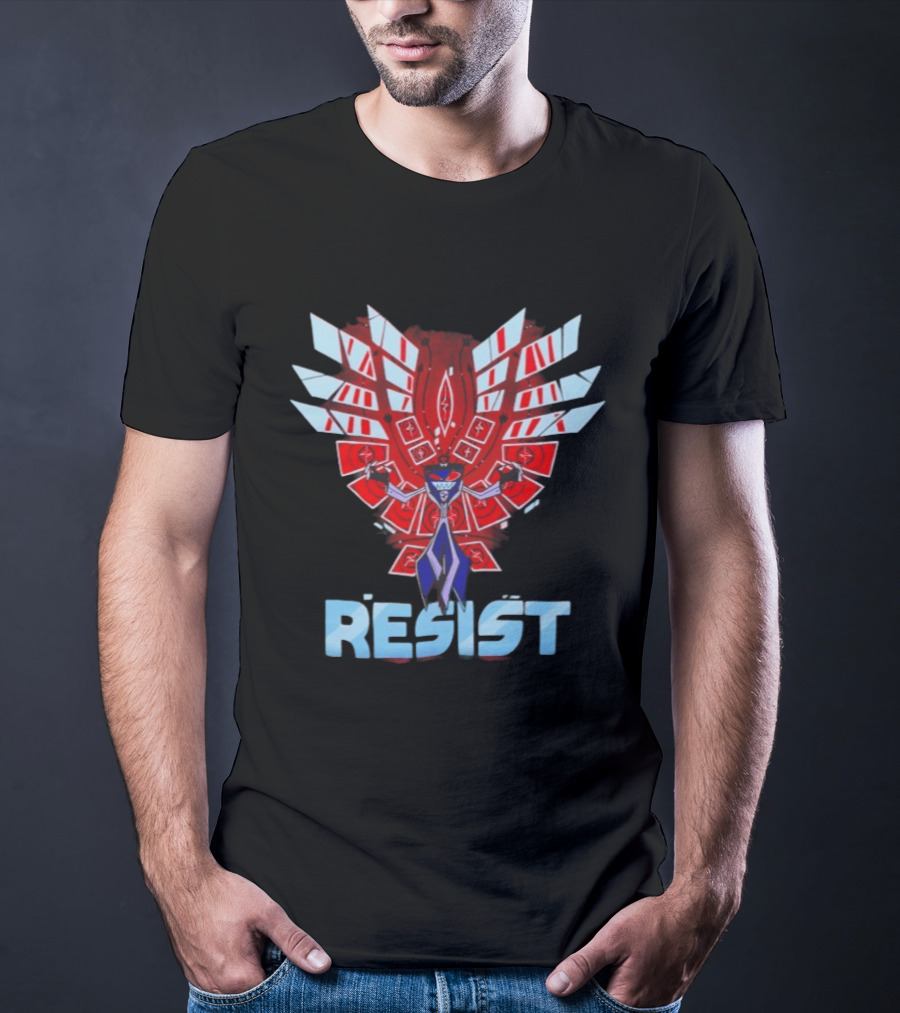 Hazbin Hotel Vox Resist Character Wings Red Blue T-Shirt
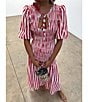 Never Fully Dressed Nara Stripe Print Crew Neck Short Puff Sleeves Maxi Dress, Color:Red - Image 4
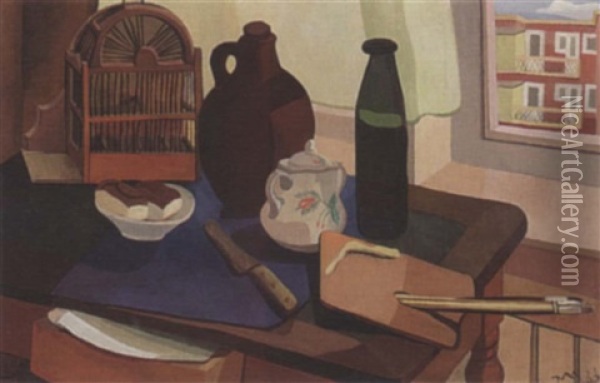 A Still Life With Bottles, Bread And Brushes Oil Painting - Hans Van Mastenbroek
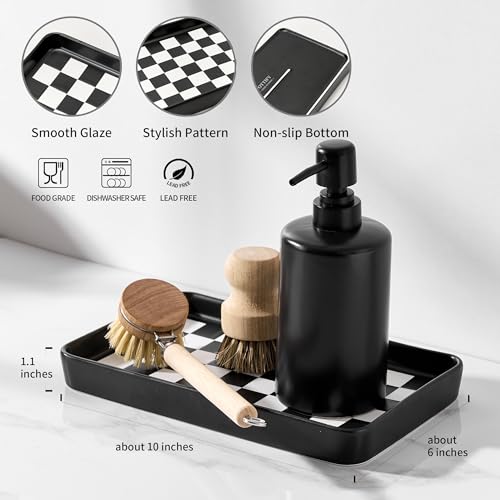 10"×6"×1" Texture Checkered Surface Bathroom Vanity Tray for Countertop- Ceramic Decorative Organizer Tray for Dresser Top, Toilet, Perfume, Sponge Holder Soap Dish Dispenser for Kitchen Counter - color: Black Color With Checkered Pattern-1 Pc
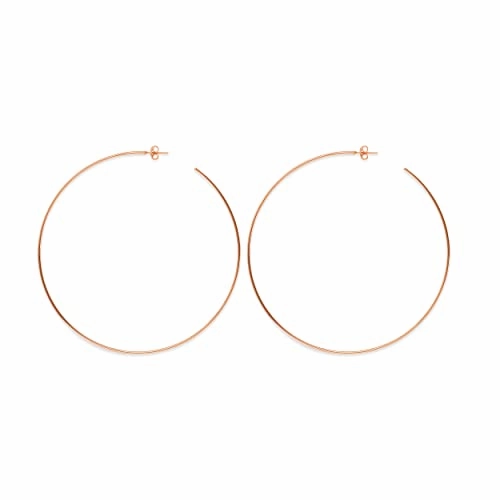 14k Rose Gold Hoop Earrings 90mm Shoulder Dusters Dull Ornament Glittering Style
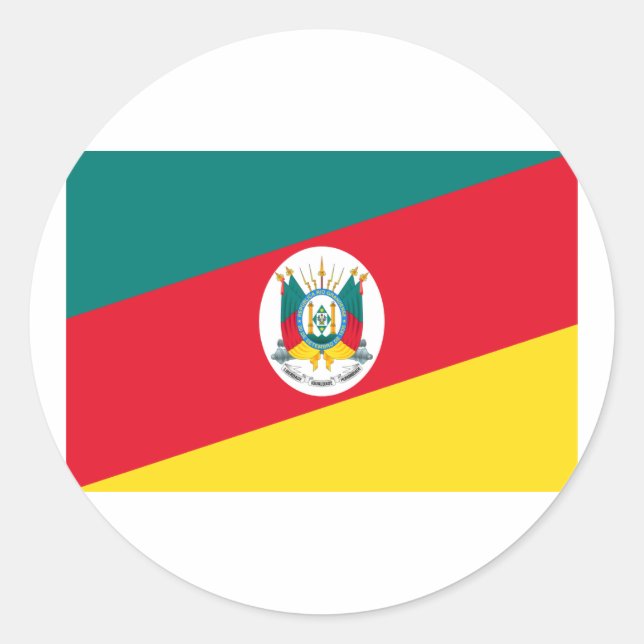 Rio Grande do Sul, Brazil Flag Classic Round Sticker (Front)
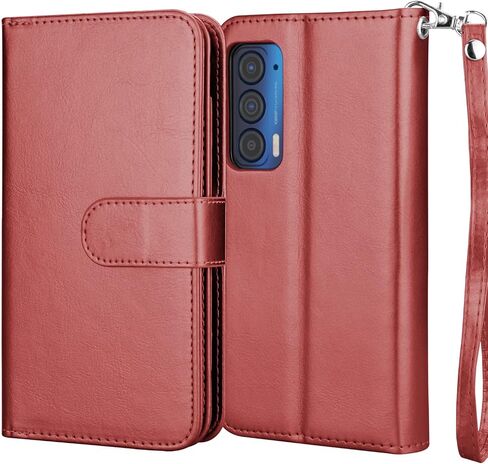 Njjex for Moto Edge 2021 Case, for Motorola Moto Edge 5G UW Wallet Case, [9 Card Slots] PU Leather ID Credit Holder Folio Flip [Detachable] Kickstand Magnetic Phone Cover & Lanyard [Black] in Saudi Arabia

----------

Repeat the entries exactly, without pictures.

 Hazbin Hotel Vox Resist Character Wings Red Blue T-Shirt
 Never Fully Dressed Nara Stripe Print Crew Neck Short Puff Sleeves Maxi Dress, Color:Red - Image 4
 A Still Life With Bottles, Bread And Brushes Oil Painting - Hans Van Mastenbroek
 10"×6"×1" Texture Checkered Surface Bathroom Vanity Tray for Countertop- Ceramic Decorative Organizer Tray for Dresser Top, Toilet, Perfume, Sponge Holder Soap Dish Dispenser for Kitchen Counter - color: Black Color With Checkered Pattern-1 Pc
 14k Rose Gold Hoop Earrings 90mm Shoulder Dusters Dull Ornament Glittering Style
 Rio Grande do Sul, Brazil Flag Classic Round Sticker (Front)
 Njjex for Moto Edge 2021 Case, for Motorola Moto Edge 5G UW Wallet Case, [9 Card Slots] PU Leather ID Credit Holder Folio Flip [Detachable] Kickstand Magnetic Phone Cover & Lanyard [Black] in Saudi Arabia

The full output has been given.